Seyfarth Synopsis:  SCOTUS asked revealing questions in yesterday’s Acheson v. Laufer oral argument, but left attendees wondering whether the Court will provide much-needed guidance on the so-called “tester standing” issue for which it granted certiorari.

The U.S. Supreme Court (SCOTUS) heard oral argument yesterday in a case arising under Title III of the Americans with Disabilities Act (ADA) for the first time in eighteen years to decide whether a “self-appointed [ADA] tester” has standing to challenge a place of public accommodation’s alleged failure to provide legally required disability accessibility information on its website, even if she has no intention of visiting that business.  However, at least half of the argument focused on whether the Court should decide this issue at all because Plaintiff/Respondent Laufer dismissed the underlying lawsuit after SCOTUS granted Defendant/Petitioner’s request to consider the question.  

Some background is in order.  The Plaintiff/Respondent, Deborah Laufer, filed a lawsuit (one of over 600 similar lawsuits she had filed according to her Petition for Certiorari) alleging that she visited the website of the Defendant/Petitioner Acheson Hotel (“Acheson”), and found it was missing information regarding accessibility features of the hotel required by the ADA.  She admittedly had no intention of ever visiting the hotel and had reviewed the website for no reason other than to test its compliance with the ADA regulations.  

The district court concluded that encountering the ADA violation without any intent to visit the hotel was not sufficient for Laufer to establish the injury required for her to have standing to pursue the case.  The U.S. Court of Appeals for the First Circuit disagreed and reversed, holding that an intent to visit the business was not necessary for standing.  Laufer’s encounter with the allegedly deficient information on the website was a sufficient injury to establish standing to sue, the First Circuit ruled.
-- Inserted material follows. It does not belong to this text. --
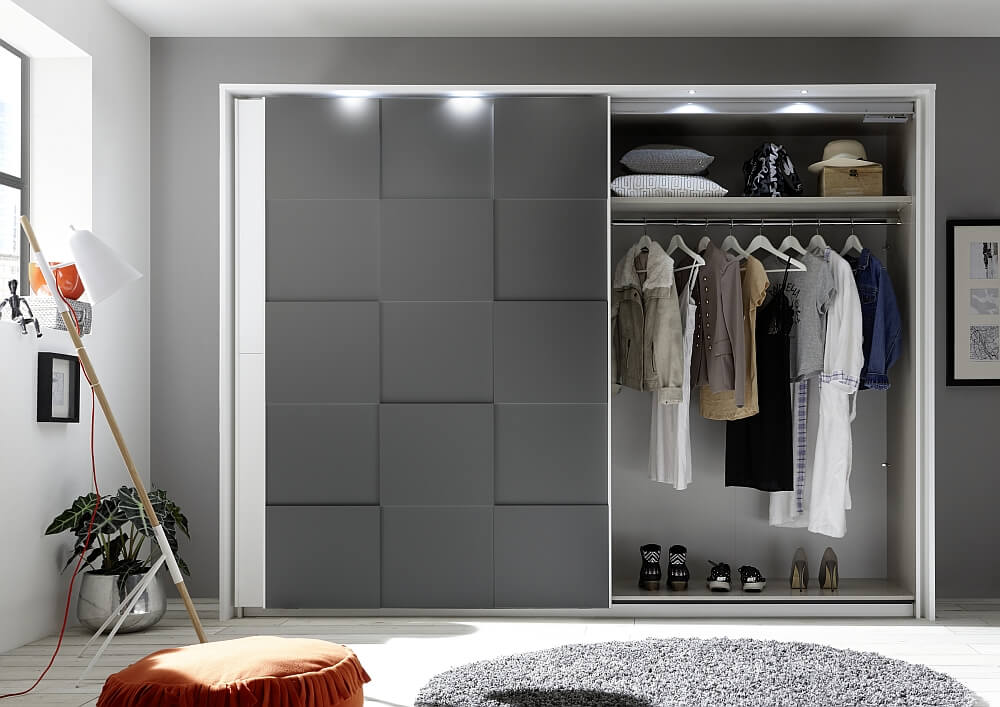 /Черный встроенный шкаф-купе №212 с декоративными элементами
After SCOTUS agreed to hear the case, Laufer dismissed her case in the district court and then asked SCOTUS to dismiss her case as moot.  Acheson vigorously opposed the request, arguing that Laufer had deliberately abandoned her claims to avoid a potential decision overturning the First Circuit’s very plaintiff-friendly standing precedent.  SCOTUS declined that request, stating that the issue of mootness would be considered at oral argument, along with the original question presented.  Then, on September 20, 2023, to further her mootness argument, Plaintiff filed a brief informing SCOTUS that the property at issue had been sold and Acheson no longer owned the hotel.

This was the state of play going into the oral argument yesterday, with counsel for Acheson, Laufer, and the United States presenting their arguments to the Court.

The two issues that dominated the argument were:

  1. Should the Court address whether Laufer had standing as a tester or simply declare the matter moot and not address the standing issue?
  2. On the standing question, when has a plaintiff suffered an injury sufficient to have standing when the violation is on a website?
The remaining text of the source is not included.